6 min read
Quickdraw Versus

Quickdraw Versus is a web-based multiplayer guessing game, based on the single-player “Quick, Draw!” game developed by Google. All players are given a word to draw, and while they draw it, a machine learning model guesses what they are drawing. The first player who’s drawing is correctly guessed by the model wins the round. The player who wins the most rounds wins the game.

The tech stack for this project is as follows:

  • 💻 Front-end:
    • Next.js
    • TailwindCSS
    • DaisyUI components
    • ONNX Runtime for clientside AI inference
  • 🛠️ Back-end:
    • FastAPI
    • Redis (Pub/Sub)
    • WebSockets
    • Nginx with Let’s Encrypt for HTTPS
  • Docker Compose for easy deployment
  • PyTorch to train the AI model

I didn’t know any of these technologies beforehand, so it has been a major learning experience for me!

Starting the project

It started with the idea, which my friend cttps proposed. He and I decided to start the project together.

The beginning was mostly rough work; a lot of mess. Neither of us knew enough about the technology we were working with to put together a working prototype. But gradually, as we learned more, reading documentation and examples, and some help from an LLM or two, we started to understand how the components should fit together.

Developing knowledge

FastAPI

Our project uses FastAPI, a Python framework, as a performant and simple way to both serve static front-end files and serve WebSocket/API endpoints. In their words, FastAPI is

high performance, easy to learn, fast to code, ready for production.

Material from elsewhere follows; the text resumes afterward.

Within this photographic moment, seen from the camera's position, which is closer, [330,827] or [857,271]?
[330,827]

I have to agree with them! It was really quite simple to pick up and get going with. I highly recommend it.

WebSockets

WebSockets are used because they allow real-time bidirectional communication between the players and servers, which regular HTTP request methods would not be suited for. Communication is done via JSON strings, each of which is given a type depending on the game event that is communicated.

Redis

Redis is used as a Pub/Sub broker and as a fast database. This is in order to make the whole application scalable. Each WebSocket server (FastAPI instance) can only hold so many websocket connections. We could increase server resources (scale “vertically”) to handle more connections, but this is expensive and not viable for huge player numbers. But if we were to scale “horizontally” by adding more servers, how would we be able to send messages to all the connected players of a game, if they were all connected on different servers?

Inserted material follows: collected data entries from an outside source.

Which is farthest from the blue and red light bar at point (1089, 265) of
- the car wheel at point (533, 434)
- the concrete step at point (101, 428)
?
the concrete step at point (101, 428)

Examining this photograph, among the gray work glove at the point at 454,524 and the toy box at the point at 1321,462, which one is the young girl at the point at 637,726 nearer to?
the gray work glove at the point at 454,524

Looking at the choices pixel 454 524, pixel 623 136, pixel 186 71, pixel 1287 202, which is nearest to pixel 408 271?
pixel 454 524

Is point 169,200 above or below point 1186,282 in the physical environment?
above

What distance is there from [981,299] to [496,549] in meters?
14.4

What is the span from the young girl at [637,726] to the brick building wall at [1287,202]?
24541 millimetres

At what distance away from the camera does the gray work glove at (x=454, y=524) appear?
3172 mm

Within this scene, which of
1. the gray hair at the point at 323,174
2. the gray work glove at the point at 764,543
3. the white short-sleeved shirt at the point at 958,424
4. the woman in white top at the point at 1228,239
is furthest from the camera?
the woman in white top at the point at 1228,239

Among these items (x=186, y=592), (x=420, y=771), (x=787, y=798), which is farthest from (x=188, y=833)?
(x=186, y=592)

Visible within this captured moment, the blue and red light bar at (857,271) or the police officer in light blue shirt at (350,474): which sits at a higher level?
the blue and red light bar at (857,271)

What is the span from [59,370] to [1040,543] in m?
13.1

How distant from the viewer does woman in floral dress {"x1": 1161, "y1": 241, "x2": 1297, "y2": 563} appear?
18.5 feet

The solution was found with Redis’ Pub/Sub—meaning publish/subscribe—model. When the server wants to broadcast a message to all players of a specific game session, it “publishes” the message to a Pub/Sub channel for that session. Each server with players connected to that session is “subscribed” to the Pub/Sub channel for that game. It then receives the published message and relays it back to all the players connected for that game through the WebSockets. This enables us to scale to many WebSocket servers, and they are all able to “communicate” via Redis.

ONNX Runtime

ONNX Runtime is a high-performance way to run AI inference clientside. This lets us skip sending the drawing data to the server entirely, leading to less resources required to run the game.

The pretrained model is sent by the server when the page is loaded and is used to create an InferenceSession. When playing, the drawing data is preprocessed into the correct format and then inference is performed on it, guessing what the player has drawn. If this guess is the current round’s word, a message is sent to the server saying the round has been won.

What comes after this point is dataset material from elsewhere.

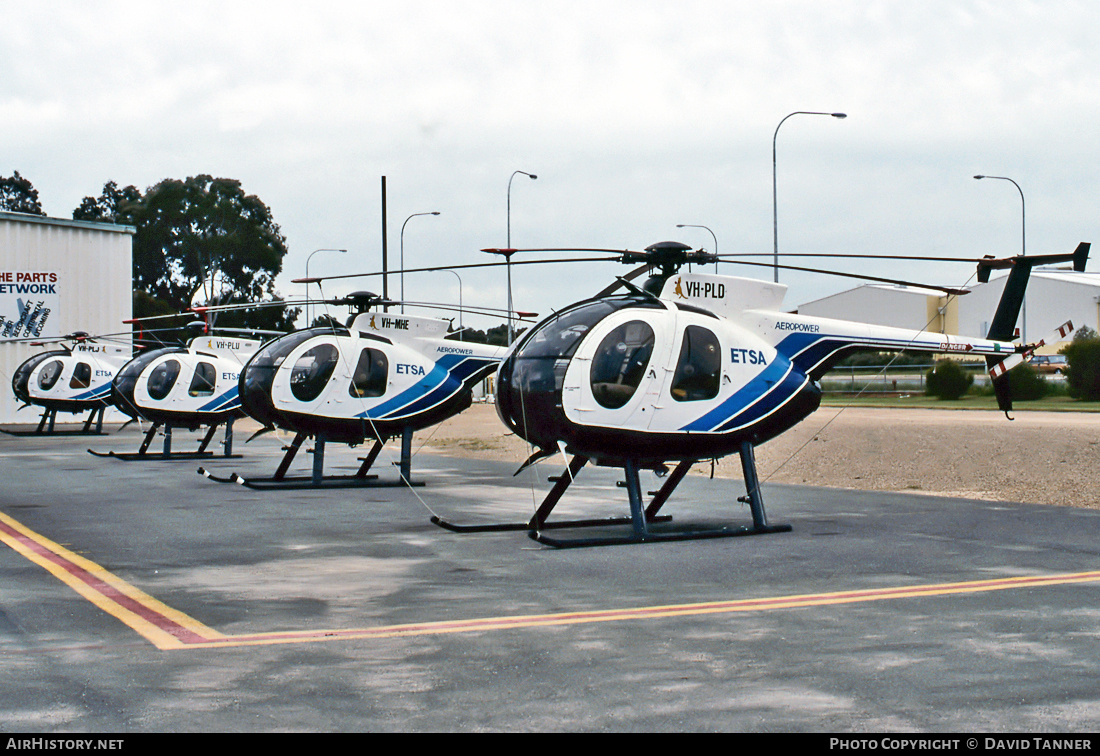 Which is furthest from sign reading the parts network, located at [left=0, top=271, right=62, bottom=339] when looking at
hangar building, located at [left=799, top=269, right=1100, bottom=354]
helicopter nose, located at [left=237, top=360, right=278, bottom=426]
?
hangar building, located at [left=799, top=269, right=1100, bottom=354]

ONNX Runtime’s performance is impressive. In my testing experience, there was never any lag or hiccups experienced. It’s an interesting tool and definitely one I will consider in the future for any other web-based AI projects.

Challenges

React

Before starting this project, I had very little experience with front-end web development. I had done some raw HTML, CSS and JS when I was younger but that was it.

Throughout this project I learned how to use React and TailwindCSS to create the front-end. Now that I know more about it, I would go back and completely redo the front-end to structure it better and make it more maintainable, but that’s for a later day. 😅

The rather convoluted approach using React Components that we took, made some things overly complicated. It probably would’ve been a better idea to learn more about React before attempting to start a project of this complexity. I have now learned the way that components and props are supposed to be used and look forward to doing things the right way around in future projects using React.

DevOps side of things

It was my first time ever deploying a web application like this and I found the DevOps side to be quite confusing, even for a single-instance deployment. In the future I’d like to learn how to deploy with Kubernetes for example to really take advantage of the scalability we implemented.

Figuring out how to configure Nginx for HTTPS with Docker Compose was also a real challenge. I might make my own guide on how to do it because the resources I found online were not very helpful. In the end I figured out how to get it done with Let’s Encrypt/Certbot. I also needed to set it to host the static files while also acting as a reverse proxy for FastAPI.

Please, grab a friend and try it out!